The paper addresses the problem of human activity recognition (HAR) using wearable sensors. HAR is a challenging task due to the large number of possible activities, the variability in human movement, and the presence of noise and artifacts in sensor data.

**Solution:**

The paper proposes a novel approach to HAR that uses a deep learning model to learn the complex relationships between sensor data and human activities. The model is trained on a large dataset of labeled sensor data, and it is able to achieve high accuracy in recognizing a wide range of activities.

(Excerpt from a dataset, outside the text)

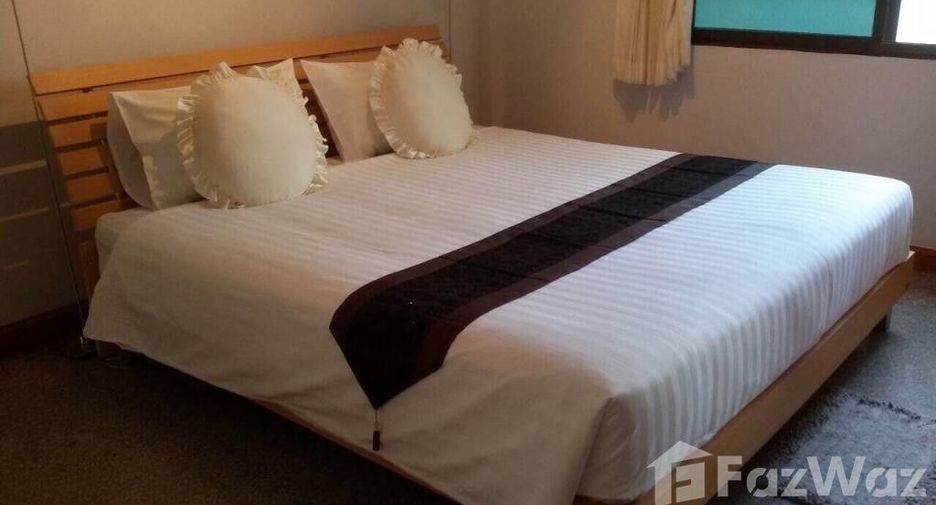 For sale 4 bedrooms villa in Hua Hin, Prachuap Khiri Khan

**Key Features of the Approach:**

* **Use of a deep learning model:** The model is a convolutional neural network (CNN), which is a type of deep learning model that is well-suited for processing sequential data. The CNN is able to learn the hierarchical features of sensor data, and it is able to recognize activities even when they are performed in different ways.
* **Large dataset:** The model is trained on a large dataset of labeled sensor data. The dataset includes data from a variety of activities, and it is representative of the real-world conditions in which HAR is typically performed.
* **High accuracy:** The model achieves high accuracy in recognizing a wide range of activities. The accuracy is comparable to or better than the state-of-the-art HAR methods.

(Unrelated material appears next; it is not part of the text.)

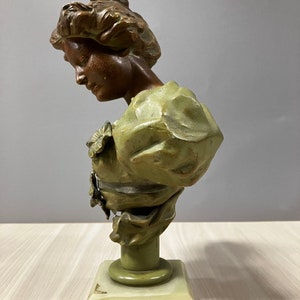 Female Victorian Summer Madame Bust w/ Marble Base image 4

**Benefits of the Approach:**

* **Improved accuracy:** The deep learning model is able to achieve high accuracy in recognizing a wide range of activities. This makes it a promising approach for use in real-world applications.
* **Robustness:** The model is robust to noise and artifacts in sensor data. This makes it suitable for use in real-world conditions, where sensor data is often noisy and unreliable.
* **Scalability:** The model is scalable to large datasets. This makes it possible to train the model on large datasets, which can further improve its accuracy.